Le PLF 2002 avait été marqué par le transfert du budget des Charges communes au budget du ministère des affaires étrangères de la participation de la France au FED, mouvement qui avait été préconisé depuis longtemps par votre rapporteur et apporte davantage de cohérence et de lisibilité .

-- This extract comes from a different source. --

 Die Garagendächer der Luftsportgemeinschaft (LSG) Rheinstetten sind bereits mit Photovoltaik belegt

Le montant inscrit pour l'exercice 2002 avait cependant été volontairement sous-estimé , de sorte qu'il a fallu procéder à un nouvel abondement de 137 millions d'euros en loi de finances rectificative. Les prévisions d'exécution à fin septembre 2002 établies par le Trésor, qui intègrent également les 286 millions d'euros de reports en début d'exercice, font ainsi état de 641 millions d'euros de crédits de paiement (y compris l'apurement de la dette de la France relative au STABEX, mécanisme que l'accord de Cotonou a rendu caduc), à comparer avec les 218 millions inscrits en loi de finances initiale. Le projet de budget pour 2003 prend dès lors acte de ce décalage et procède à une « opération vérité » par une inscription de crédits plus conforme à la réalité 19 ( * ) . Il s'agit également de donner des gages à la réforme en cours de l'aide européenne (cf. encadré ci-après), par une relance des crédits des paiements susceptibles d'accélérer la mise en oeuvre des nombreux projets dormants.

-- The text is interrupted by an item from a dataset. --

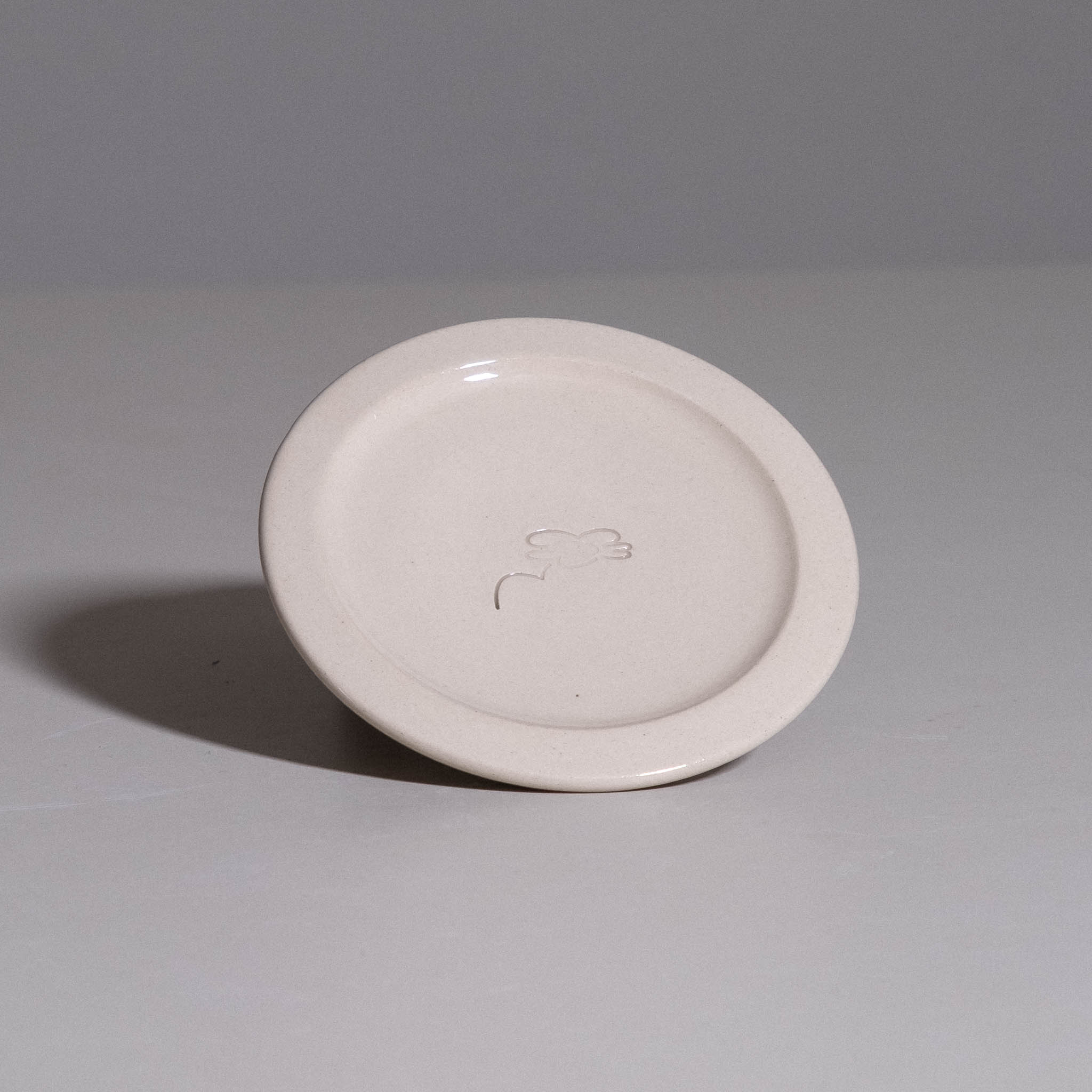 Plate aus handgemachter Keramik in Neo Creme, Ansicht von oben.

L'aide au développement européenne

La Communauté européenne agit à la fois comme donneur bilatéral et comme structure de coordination entre les Etats membres de l'Union. A ce titre, la Commission a en mars 2002 encouragé les Quinze à porter leur effort d'APD à 0,39% du RNB d'ici 2006. L'aide communautaire représentait 10% de l'APD mondiale en 2001 avec 5,91 milliards de dollars de décaissements selon trois canaux privilégiés :

- le FED , destiné aux 77 pays ACP et doté de 1,55 milliard d'euros de crédits de paiement ;

- 5 programmes régionaux , disposant de 2,3 milliards d'euros et consacrés aux pays méditerranéens (MEDA), à l'Amérique latine et à l'Asie (PVD/ALA), à l'Afrique du Sud (PERD), aux nouveaux Etats issus de l'URSS (TACIS), et aux Balkans (CARDS) ;

- des lignes budgétaires thématiques concernant l'aide humanitaire (programme ECHO), la promotion des droits de l'homme, la protection de l'environnement et le soutien aux ONG.

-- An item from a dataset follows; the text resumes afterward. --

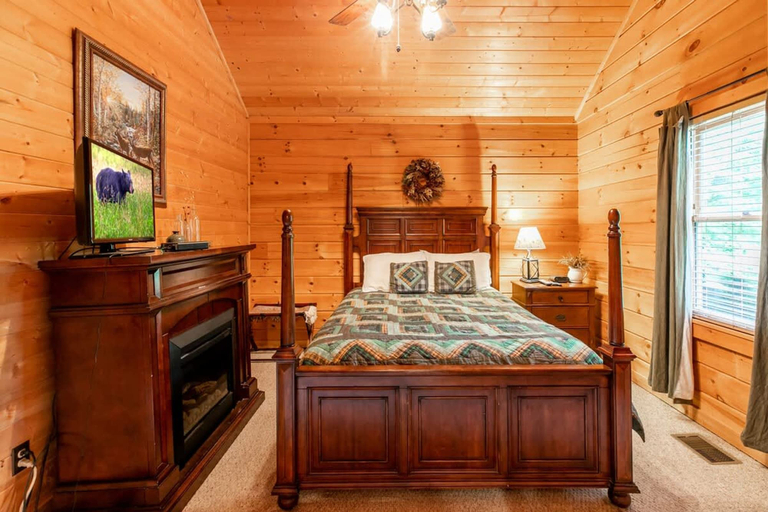 Room 3, Nice View Fireplace Hot Tub Porch Bed Private, Sevier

Au-delà de l'aide proprement dite, l'Union européenne a développé une politique intitulée « trade and aid », par opposition à la conception libérale du « trade no aid », qui met en doute la complémentarité de l'APD et du développement des échanges commerciaux . L'initiative TSA (« Tout sauf les armes »), adoptée en mars 2001, permet ainsi d'accorder aux produits des pays les moins avancés un accès en franchise de droits de douane et de quotas. L'accord de Cotonou, signé pour une durée de 20 ans en juin 2000 et qui se substitue aux conventions de Lomé, participe de la même volonté de lier aide et échanges commerciaux.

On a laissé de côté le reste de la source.